TASK => As output, give the exact lines from the one containing "PRO MAX SERVİS" through the end of the listing below, both included, without the pictures.

DATA SEGMENT =>
=====

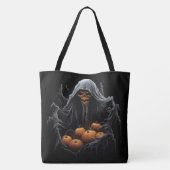 Tote Bag (Achterkant)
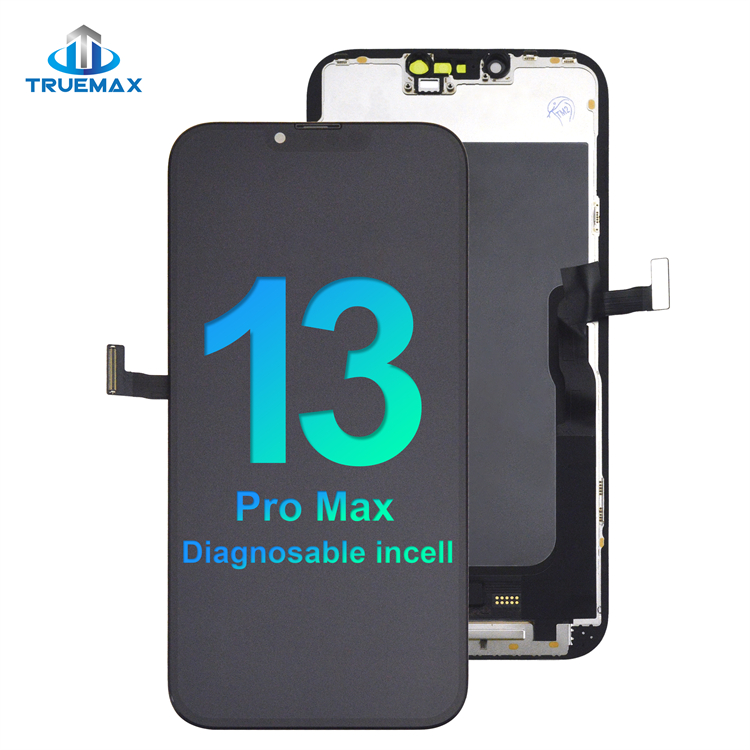 13  PRO MAX SERVİS      DİAGNOSE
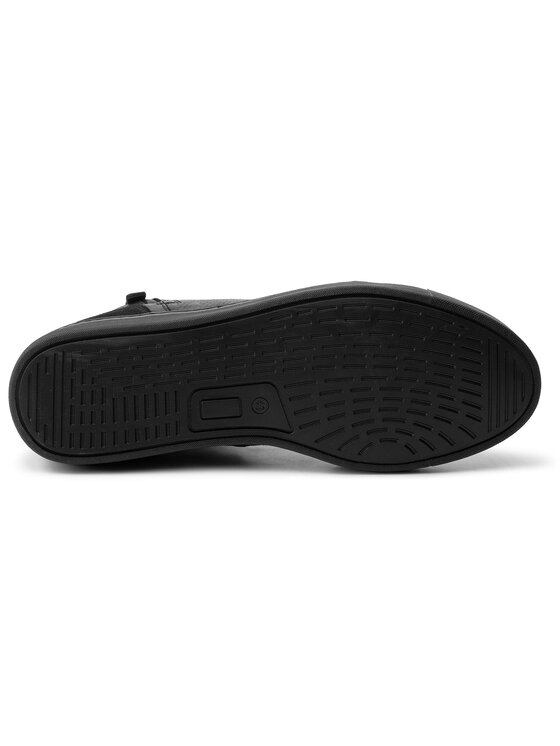 Sneakers QZ-01-03-000266 Nero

=====

REPLY =>
 13  PRO MAX SERVİS      DİAGNOSE
 Sneakers QZ-01-03-000266 Nero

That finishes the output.